Just wanted to let you know that if you need my services as a male dancer for his birthday, let me kno so I can clear my schedule
When you're about to leave, tell him "bye." At that point, he should say something. If he doesn't say anything, well, our drinks were free and he gets a free make out with yours truly.
You put your red cup in a chain link fence and kept telling me you could use it as a telescope
i may or may not be dressed up as my farmville farmer. gonna harvest some ladiesss tonight!!!
can we meet up so i can piece together the end of my night? for instance, did i jump or fall into a plant?
If you ever bitch out on 72oz margarita night again, this friendship is over
You crossed every boundary on the boundary spectrum last night. You're like the illegal immigrant of drunk actions. No more holiday drinking for you.

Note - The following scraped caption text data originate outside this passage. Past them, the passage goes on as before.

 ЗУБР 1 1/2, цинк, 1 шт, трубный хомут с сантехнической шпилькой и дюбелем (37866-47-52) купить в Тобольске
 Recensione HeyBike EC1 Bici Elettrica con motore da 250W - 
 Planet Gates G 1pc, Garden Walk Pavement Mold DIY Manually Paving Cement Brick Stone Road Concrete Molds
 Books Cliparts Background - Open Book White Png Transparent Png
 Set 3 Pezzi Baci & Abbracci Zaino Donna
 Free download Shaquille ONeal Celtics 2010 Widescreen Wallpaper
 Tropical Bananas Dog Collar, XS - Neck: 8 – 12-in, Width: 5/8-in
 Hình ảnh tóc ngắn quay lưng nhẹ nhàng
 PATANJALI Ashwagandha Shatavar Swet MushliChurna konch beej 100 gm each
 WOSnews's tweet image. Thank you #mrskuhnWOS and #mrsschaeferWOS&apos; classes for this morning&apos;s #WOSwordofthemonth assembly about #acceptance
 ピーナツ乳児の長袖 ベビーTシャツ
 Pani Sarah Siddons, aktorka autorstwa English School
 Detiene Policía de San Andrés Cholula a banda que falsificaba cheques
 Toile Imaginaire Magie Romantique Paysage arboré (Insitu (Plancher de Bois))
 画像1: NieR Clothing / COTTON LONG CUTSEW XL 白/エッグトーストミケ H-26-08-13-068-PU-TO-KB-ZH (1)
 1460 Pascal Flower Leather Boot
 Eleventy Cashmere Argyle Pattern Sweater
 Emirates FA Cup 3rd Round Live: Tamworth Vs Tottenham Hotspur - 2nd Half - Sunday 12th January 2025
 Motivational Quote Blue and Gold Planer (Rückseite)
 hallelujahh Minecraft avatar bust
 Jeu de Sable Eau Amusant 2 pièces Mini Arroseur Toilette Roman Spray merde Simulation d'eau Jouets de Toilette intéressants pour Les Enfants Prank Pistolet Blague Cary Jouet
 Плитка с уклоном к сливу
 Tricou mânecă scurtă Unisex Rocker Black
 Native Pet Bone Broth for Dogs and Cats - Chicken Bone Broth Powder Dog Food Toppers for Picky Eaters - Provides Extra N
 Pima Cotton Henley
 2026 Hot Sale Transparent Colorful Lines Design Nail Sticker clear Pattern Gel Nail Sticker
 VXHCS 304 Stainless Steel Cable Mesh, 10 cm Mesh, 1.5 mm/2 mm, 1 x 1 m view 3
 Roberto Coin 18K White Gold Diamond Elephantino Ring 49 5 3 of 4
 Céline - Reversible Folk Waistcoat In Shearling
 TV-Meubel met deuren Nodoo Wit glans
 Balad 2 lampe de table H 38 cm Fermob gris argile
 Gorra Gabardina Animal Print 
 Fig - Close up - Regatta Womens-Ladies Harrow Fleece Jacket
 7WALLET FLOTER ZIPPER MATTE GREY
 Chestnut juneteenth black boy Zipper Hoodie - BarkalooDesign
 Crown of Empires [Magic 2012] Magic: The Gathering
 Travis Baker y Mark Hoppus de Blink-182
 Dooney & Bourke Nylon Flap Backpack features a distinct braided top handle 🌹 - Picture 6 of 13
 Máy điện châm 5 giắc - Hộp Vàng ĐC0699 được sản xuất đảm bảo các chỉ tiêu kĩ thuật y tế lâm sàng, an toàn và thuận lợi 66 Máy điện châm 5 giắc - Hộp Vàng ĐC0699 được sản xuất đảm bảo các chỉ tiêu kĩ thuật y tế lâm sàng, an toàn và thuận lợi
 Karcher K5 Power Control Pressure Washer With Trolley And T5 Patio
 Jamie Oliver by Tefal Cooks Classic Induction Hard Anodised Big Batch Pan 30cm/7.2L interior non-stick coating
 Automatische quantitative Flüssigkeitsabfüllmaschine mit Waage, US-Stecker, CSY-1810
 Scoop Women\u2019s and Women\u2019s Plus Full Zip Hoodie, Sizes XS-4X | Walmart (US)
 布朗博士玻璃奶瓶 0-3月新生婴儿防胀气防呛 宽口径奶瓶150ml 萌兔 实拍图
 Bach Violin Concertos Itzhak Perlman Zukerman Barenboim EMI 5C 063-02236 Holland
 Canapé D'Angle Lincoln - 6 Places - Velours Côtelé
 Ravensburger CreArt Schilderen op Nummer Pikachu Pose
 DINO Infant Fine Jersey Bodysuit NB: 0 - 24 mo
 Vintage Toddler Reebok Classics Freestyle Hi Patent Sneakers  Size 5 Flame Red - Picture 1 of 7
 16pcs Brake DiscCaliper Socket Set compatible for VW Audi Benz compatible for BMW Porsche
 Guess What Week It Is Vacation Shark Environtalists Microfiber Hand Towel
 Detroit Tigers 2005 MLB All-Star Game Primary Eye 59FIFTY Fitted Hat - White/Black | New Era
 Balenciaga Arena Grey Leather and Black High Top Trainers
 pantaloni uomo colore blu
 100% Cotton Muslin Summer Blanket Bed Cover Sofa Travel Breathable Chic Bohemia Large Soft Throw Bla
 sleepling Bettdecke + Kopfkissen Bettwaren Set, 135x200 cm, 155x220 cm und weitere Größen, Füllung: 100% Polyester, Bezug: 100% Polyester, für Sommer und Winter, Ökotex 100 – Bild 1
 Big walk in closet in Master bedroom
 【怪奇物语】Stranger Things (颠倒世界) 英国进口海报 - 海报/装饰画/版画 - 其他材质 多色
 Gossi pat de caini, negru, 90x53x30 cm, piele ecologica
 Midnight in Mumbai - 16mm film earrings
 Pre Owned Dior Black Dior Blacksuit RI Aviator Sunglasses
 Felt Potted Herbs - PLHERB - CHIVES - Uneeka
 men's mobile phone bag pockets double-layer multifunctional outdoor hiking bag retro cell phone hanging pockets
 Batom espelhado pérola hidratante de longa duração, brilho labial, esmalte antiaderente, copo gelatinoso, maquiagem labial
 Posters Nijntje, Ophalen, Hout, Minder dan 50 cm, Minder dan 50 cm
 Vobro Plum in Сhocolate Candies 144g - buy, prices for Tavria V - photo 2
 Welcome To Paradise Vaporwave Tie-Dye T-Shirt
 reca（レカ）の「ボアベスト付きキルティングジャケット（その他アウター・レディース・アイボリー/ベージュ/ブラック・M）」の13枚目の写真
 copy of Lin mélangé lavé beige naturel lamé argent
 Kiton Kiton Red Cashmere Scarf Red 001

Pretty sure encouraging you to sleep with 2 different girls while keeping you in the good graces of both has lost me the ability to call myself a woman. But that's just the kind of friend I am; dedicated.
So, I'm drinking, and I put my head down in the table. The cat jumped up to check on me, I have a cat sober monitor.
She just texted me apologizing for taking selfies on my phone then asked me to send them to her
Themes for tonight: men who look like bill Gates but sing smash mouth songs. Women who's names are also food. Haircuts that DO NOT cover bald spots.
I'M CUDDLING WITH MY CAT AND THAT GUY SENT ME A DICK PIC. UNANNOUNCED DICK PICS ARE TERRIFYING AND MY CAT WILL NEVER BE THE SAME
Simultaneously sexting while making brunch plans. Multitasking at its gayest.
fuck sobriety. I want to wake up tomorrow in a park or some shit.
I have a burn on my hand, I'm covered in bruises, I think my toe is broken, and I have no clothes to wear home.